DRC ‘calm but tense’ as country awaits presidential election result

MONUSCO/John Bopengo Voters casting votes during Presidential and Legislative elections in Kinshasa, Democratic Republic of the Congo (30 December 2018).

This article is brought to you in association with the United Nations.

The post-election environment in the Democratic Republic of the Congo (DRC) is “calm but tense” as the country waits for the results of the presidential poll, the UN Human Rights office (OHCHR) said on Friday.

Amid reports that journalists and opposition political candidates have been intimidated and access to selected media broadcasters remains blocked, OHCHR spokesperson Ravina Shamdasani warned that efforts to silence dissent could “backfire”.

Her comments come ahead of consultations behind closed doors on the election, in the UN Security Council in New York, later on Friday.

The result of the delayed poll held on 30 December – which featured 21 candidates – is due to be announced on Sunday, although the DRC’s electoral commission announced that this may be pushed back.

“What my colleagues have told me and they have observed is that the situation remains calm but tense ahead of the announcement of the results,” Ms Shamdasani said. “There are preliminary reports of some pockets of violence and people being injured.”

OHCHR has an office in the vast central African country but has not played a role in supervising the national election, which was held following a week’s delay and postponements dating back to 2016. Voting across several cities in eastern DRC that have been hit by the on-going Ebola outbreak and inter-communal violence, was postponed until March by the election commission (CENI).

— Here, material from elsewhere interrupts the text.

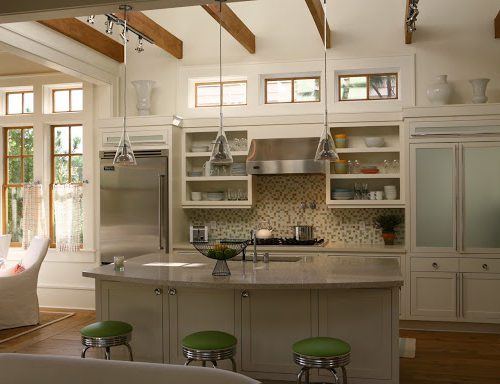 Modern White Kitchen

Last Sunday’s vote will decide the successor to President Joseph Kabila, who came to office in 2001 after the previous incumbent, his father Laurent, was assassinated in the aftermath of a civil war involving numerous armed militias. Ms Shamdasani also noted reports that freedom of expression is under threat in DRC.

“Intimidation and harassment against journalists, opposition candidates and human rights defenders continues to take place,” she said. “This being a very sensitive, a very tense period, we are concerned that these efforts to silence dissent could backfire considerably when the results are announced. We are watching carefully, and we are calling on all sides to refrain from the use of violence.”

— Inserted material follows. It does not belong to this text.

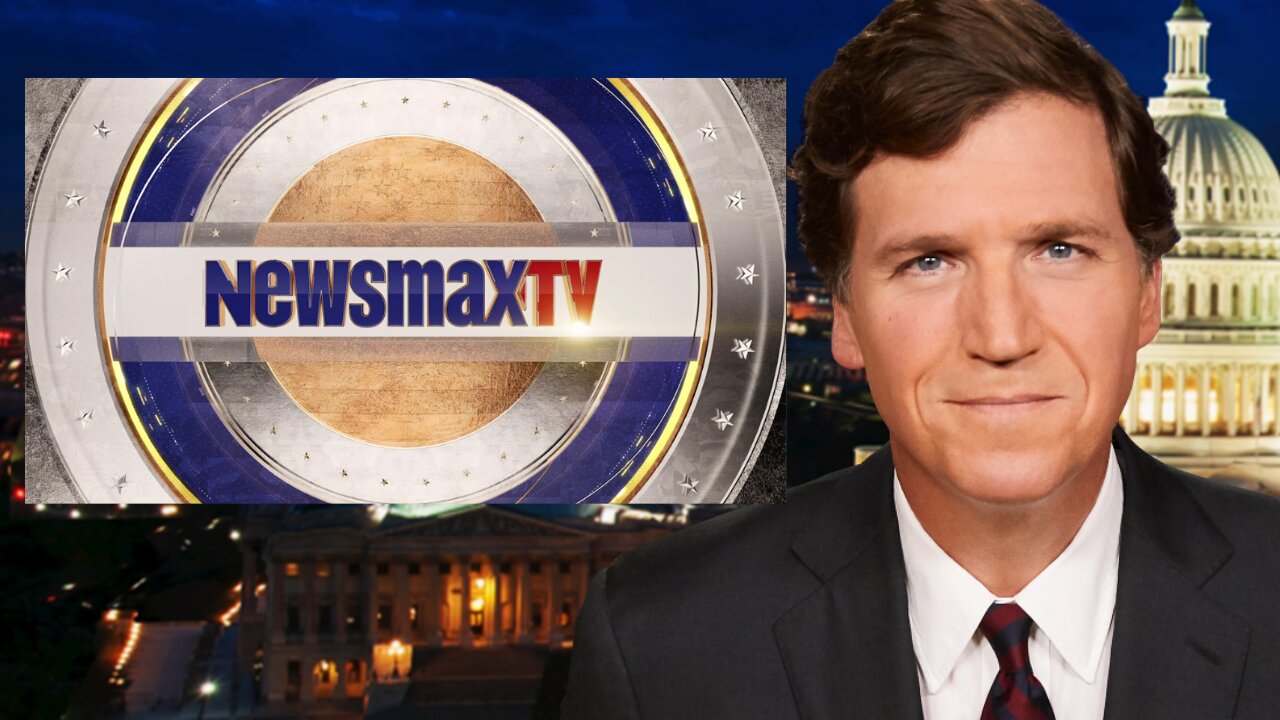 Newsmax Offers Tucker Carlson Colossal Deal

As the DRC waits for the results of the poll, Ms Shamdasani also highlighted evidence of other civil rights violations:

“The internet is cut off, the signal of Radio France Internationale (RFI) has been tampered with, as well as Canal Congo Television, which apparently belongs to the leader of the MLC, Jean-Pierre Bemba”, she said, referring to his party, the Movement for the Liberation of Congo.

Ahead of the presidential election, the UN’s top human rights official, Michelle Bachelet, condemned reports that police had reportedly fired live ammunition at opposition rallies.

The High Commissioner also spoke out against the use of inflammatory speech by political leaders and said that it was essential that people’s rights to freedom of expression and peaceful assembly were fully protected.

Renewed clashes force 16,000 into Congo-Brazzaville

In a major humanitarian developement on Friday, some 16,000 people from DRC have arrived in neighbouring Republic of the Congo – also known as Congo-Brazzaville – after fleeing deadly intercommunal clashes.

Andrej Mahecic from the UN Refugee Agency, UNHCR, said in Geneva that old hostilities flared up again at the end of last month between two communities in Yumbi, Mai-Ndombe Province, in western DRC.

People are “in dire need of basic assistance”, Mr Mahecic said, adding that those fleeing DRC spoke of attacks that “left homes burned and people killed”.

“This influx in a matter of days is a major event for Congo-Brazzaville,” he added. “The area is very remote, it’s not easy to reach, so we are right now, together with other agencies, including the World Food Programme (WFP), deploying teams to these areas and they are distributing the relief items including food and shelter materials and other items and this has been going on since 29 December.”

According to UNHCR, this is the largest influx of refugees in over a decade, since 130,000 people were forced to seek shelter amid ethnic clashes in DRC’s former Equator Province in 2009.

Refugees, mostly women and children of the Banunu tribe, continue to arrive in Makotipoko and Bouemba districts in the Republic of Congo, where they are given assistance.